Iran’s new military budget remains off-line

On 10 December 2017, President Hassan Rouhani submitted a draft budget to the Majlis (parliament) for the Iranian fiscal year which runs from 21 March 2018 to 20 March 2019. While the draft budget is not final—the Majlis must first pass the draft budget and then Guardian Council, an unelected clerical body, must also approve it before it can become law—it does shed light on Iranian military priorities and illustrate the opacity under which the Islamic Republic’s military operates.

First, with an exchange rate of about 35,000 rials to the dollar, the excerpted story suggests that the Iranian military budget will be $11.4 billion. This does not appear much when considering Iran’s broader GDP. Utilizing publicly available figures, the Stockholm International Peace Research Institute estimated that, in 2016, Iran’s military budget was just three percent of its gross domestic product. If the figures in the draft budget provided by the Iranian Students News Agency are accurate, it suggests that Iran’s military budget as a share of GDP has actually shrunk.

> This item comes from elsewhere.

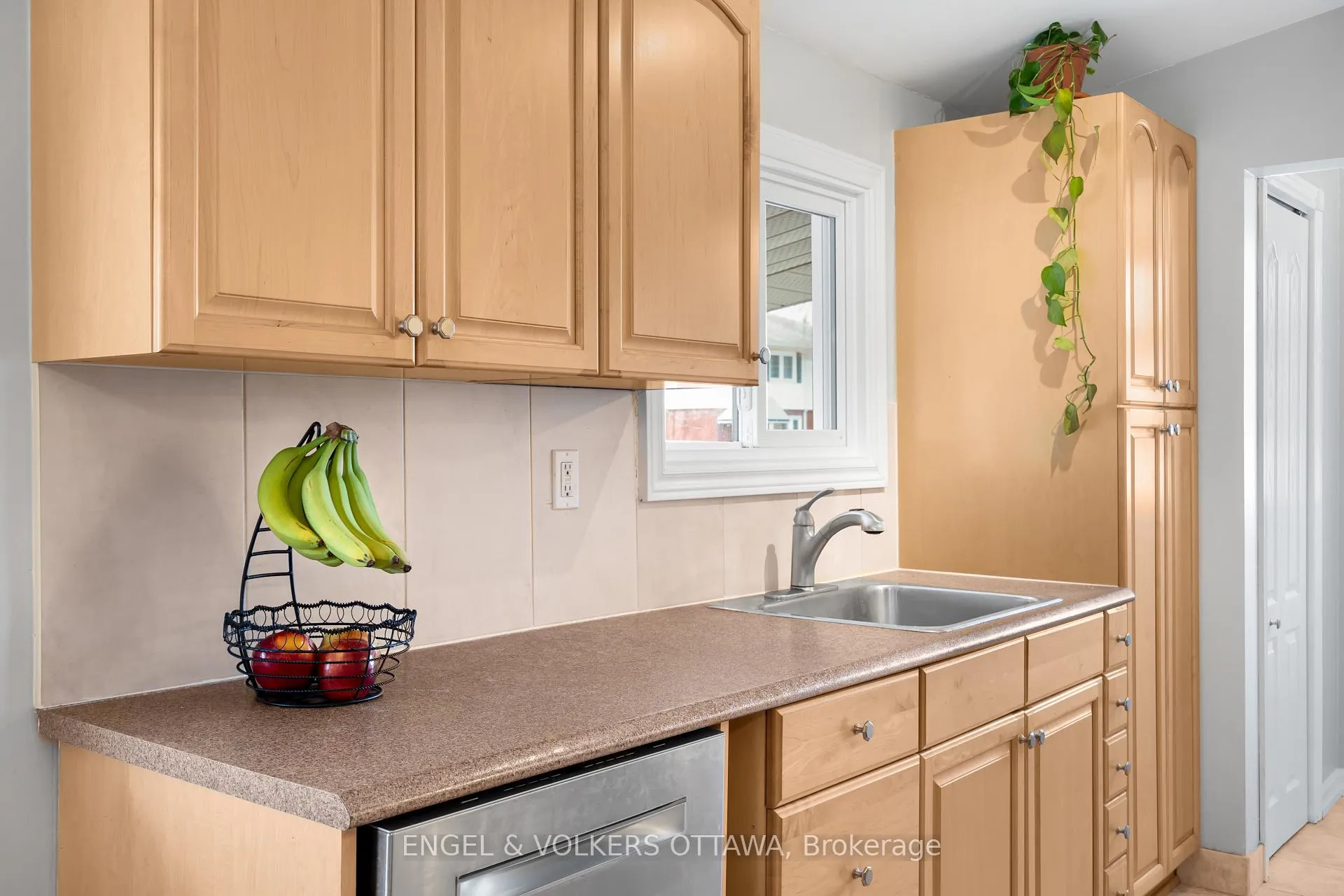 Photo 18 of 1004 Pleasant Park Road, Ottawa, Elmvale Acres/Urbandale — HOMEH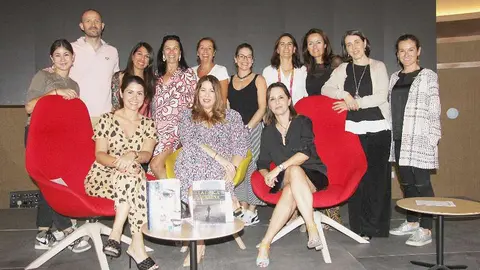 Integrantes del Club de Lectura en Español de Dubai, en el Pabellón de España de Expo 2020. (EL CORREO)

This is not realistic, especially given the broad decline in oil prices and Iran’s very public shopping spree and indigenous military production in the wake of the 2015 Joint Comprehensive Plan of Action, the so-called nuclear deal. Rather, it appears that much of Iran’s military budget remains off-line. For example, there is no accounting in the figures provided for Iran’s ballistic missile work nor the direct deployment of Iranian personnel into the Syrian civil war. To take Iranian military figures at face value, therefore, would be a mistake. This is important because often Iranian diplomats and those seeking to downplay Iran’s military ambitions compare Iran’s military spending by GDP to those of regional countries like Saudi Arabia and Israel which have far greater levels. However, such comparisons may have little analytical value if Iranian statistics are not truthful. That said, the relative proportion of spending—with the IRGC receiving nearly triple the amount of money that the Iranian army receives—does provide some insight into the continued priorities of the ruling regime.